──────── Supplied records

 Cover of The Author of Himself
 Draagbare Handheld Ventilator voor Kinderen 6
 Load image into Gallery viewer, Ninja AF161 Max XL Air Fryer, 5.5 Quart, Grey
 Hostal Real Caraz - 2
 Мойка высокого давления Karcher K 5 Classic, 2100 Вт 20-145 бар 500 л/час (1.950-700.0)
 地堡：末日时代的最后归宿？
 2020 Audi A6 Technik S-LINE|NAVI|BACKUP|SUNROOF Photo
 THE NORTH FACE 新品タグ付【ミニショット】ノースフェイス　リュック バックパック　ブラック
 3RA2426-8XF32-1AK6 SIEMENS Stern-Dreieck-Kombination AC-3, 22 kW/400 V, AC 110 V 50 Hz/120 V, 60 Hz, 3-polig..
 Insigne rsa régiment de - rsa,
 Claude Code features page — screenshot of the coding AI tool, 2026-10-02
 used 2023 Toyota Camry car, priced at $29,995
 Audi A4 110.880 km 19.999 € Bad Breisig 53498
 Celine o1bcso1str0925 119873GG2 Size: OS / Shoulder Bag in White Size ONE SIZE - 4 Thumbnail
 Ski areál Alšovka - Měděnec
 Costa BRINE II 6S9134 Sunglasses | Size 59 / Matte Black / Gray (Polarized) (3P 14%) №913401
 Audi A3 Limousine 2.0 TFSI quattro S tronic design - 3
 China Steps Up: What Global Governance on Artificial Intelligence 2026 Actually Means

────────────────

Your task:
What's wanted is a faithful copy of each entry above.

Solution for this exercise:
 Cover of The Author of Himself
 Draagbare Handheld Ventilator voor Kinderen 6
 Load image into Gallery viewer, Ninja AF161 Max XL Air Fryer, 5.5 Quart, Grey
 Hostal Real Caraz - 2
 Мойка высокого давления Karcher K 5 Classic, 2100 Вт 20-145 бар 500 л/час (1.950-700.0)
 地堡：末日时代的最后归宿？
 2020 Audi A6 Technik S-LINE|NAVI|BACKUP|SUNROOF Photo
 THE NORTH FACE 新品タグ付【ミニショット】ノースフェイス　リュック バックパック　ブラック
 3RA2426-8XF32-1AK6 SIEMENS Stern-Dreieck-Kombination AC-3, 22 kW/400 V, AC 110 V 50 Hz/120 V, 60 Hz, 3-polig..
 Insigne rsa régiment de - rsa,
 Claude Code features page — screenshot of the coding AI tool, 2026-10-02
 used 2023 Toyota Camry car, priced at $29,995
 Audi A4 110.880 km 19.999 € Bad Breisig 53498
 Celine o1bcso1str0925 119873GG2 Size: OS / Shoulder Bag in White Size ONE SIZE - 4 Thumbnail
 Ski areál Alšovka - Měděnec
 Costa BRINE II 6S9134 Sunglasses | Size 59 / Matte Black / Gray (Polarized) (3P 14%) №913401
 Audi A3 Limousine 2.0 TFSI quattro S tronic design - 3
 China Steps Up: What Global Governance on Artificial Intelligence 2026 Actually Means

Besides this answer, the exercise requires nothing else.